Here it is! The “wedding cake!” The fruit of my amateur labor!

And there is the beautiful couple. Jackie had the wonderful idea for the topper–super classy and cute. Seriously, have you seen some of the toppers out there these days? Come, come Wilton. We can do better. I refuse to use a cut plastic sculpture of a dancing Barbie and Ken for my non-existent wedding.

The beauty of this cake was truly in the details. The pearls were both perfectly pretty and heinously annoying–they kept rolling all over the floor. But the effect was worth a few more floor sweeps, I think. Probably I think that because I wasn’t the one sweeping and still finding pearls on the second floor weeks later…


We kept the main frosting a traditional white and used a linen-y sort of yellow for the detailing. I think perhaps the pictures make it look a little more yellow than it was, but just by a shade or two.

I put up a lot of photos. I was really happy about them, and I couldn’t choose which ones I liked best. Please excuse my enthusiasm.
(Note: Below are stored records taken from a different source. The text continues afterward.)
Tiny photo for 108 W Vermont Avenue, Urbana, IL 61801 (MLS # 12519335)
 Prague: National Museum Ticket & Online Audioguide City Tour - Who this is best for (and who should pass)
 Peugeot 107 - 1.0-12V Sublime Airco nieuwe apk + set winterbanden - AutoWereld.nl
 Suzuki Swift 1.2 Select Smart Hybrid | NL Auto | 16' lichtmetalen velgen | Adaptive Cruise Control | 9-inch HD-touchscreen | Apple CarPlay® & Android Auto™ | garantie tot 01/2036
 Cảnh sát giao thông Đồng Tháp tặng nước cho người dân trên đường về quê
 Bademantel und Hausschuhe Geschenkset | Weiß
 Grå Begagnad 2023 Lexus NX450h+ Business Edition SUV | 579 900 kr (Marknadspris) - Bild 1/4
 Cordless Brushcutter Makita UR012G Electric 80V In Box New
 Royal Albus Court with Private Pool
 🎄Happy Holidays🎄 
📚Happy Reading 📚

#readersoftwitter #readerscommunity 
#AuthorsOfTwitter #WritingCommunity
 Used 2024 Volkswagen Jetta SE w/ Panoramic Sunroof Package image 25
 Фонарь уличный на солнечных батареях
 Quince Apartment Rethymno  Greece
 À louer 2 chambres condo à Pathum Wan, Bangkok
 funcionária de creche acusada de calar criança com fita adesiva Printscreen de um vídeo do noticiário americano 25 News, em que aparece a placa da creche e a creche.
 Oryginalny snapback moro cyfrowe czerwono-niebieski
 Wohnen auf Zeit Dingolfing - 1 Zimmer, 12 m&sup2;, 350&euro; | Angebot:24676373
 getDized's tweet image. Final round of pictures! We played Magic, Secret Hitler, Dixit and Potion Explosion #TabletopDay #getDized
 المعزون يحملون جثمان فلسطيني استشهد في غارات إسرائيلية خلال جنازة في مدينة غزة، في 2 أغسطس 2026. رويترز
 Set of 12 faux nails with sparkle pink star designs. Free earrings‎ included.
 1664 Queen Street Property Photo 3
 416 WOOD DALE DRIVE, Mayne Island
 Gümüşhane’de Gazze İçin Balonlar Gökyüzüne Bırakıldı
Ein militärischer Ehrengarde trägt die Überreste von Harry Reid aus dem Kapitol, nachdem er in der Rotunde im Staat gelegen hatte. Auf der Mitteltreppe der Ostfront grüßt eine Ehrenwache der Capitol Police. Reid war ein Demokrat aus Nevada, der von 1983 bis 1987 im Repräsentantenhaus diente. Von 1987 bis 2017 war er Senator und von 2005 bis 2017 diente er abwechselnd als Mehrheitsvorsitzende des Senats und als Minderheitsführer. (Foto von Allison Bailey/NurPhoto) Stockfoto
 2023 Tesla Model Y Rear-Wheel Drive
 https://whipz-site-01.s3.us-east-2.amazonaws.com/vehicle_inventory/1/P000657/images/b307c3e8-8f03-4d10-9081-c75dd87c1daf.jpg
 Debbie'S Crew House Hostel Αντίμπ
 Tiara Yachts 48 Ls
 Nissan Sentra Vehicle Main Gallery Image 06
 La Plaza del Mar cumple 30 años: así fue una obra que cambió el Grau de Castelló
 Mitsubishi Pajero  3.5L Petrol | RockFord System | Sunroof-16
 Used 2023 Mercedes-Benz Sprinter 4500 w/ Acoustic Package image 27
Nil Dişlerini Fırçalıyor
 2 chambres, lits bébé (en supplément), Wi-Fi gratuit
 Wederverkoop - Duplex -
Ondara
Look at the picture she chose for the other side of the topper! Super adorable. Their dog is their baby.

And here is my beautiful and creative helper and friend. Thanks for making this so fun, Jackie! Couldn’t have managed this project without you. And seriously, if y’all ever want an interior decorating consult or a haircut, let me put you in touch–she does good work.

For some reason, I say y’all on my blog way more than I do in real life,

Lauren

Pipe Dream #17: To Live With Flowers

Haha, dream on self?  Receiving flowers is a rare treat, and it makes me appreciate them all the more. Surprise flowers never lose their appeal. It doesn’t even matter who they’re from–they’re a breath of fresh air in this plastic concrete world.

They are a reminder of spring in an inanimate winter.

And they are an thoughtful expression of love any day of the week.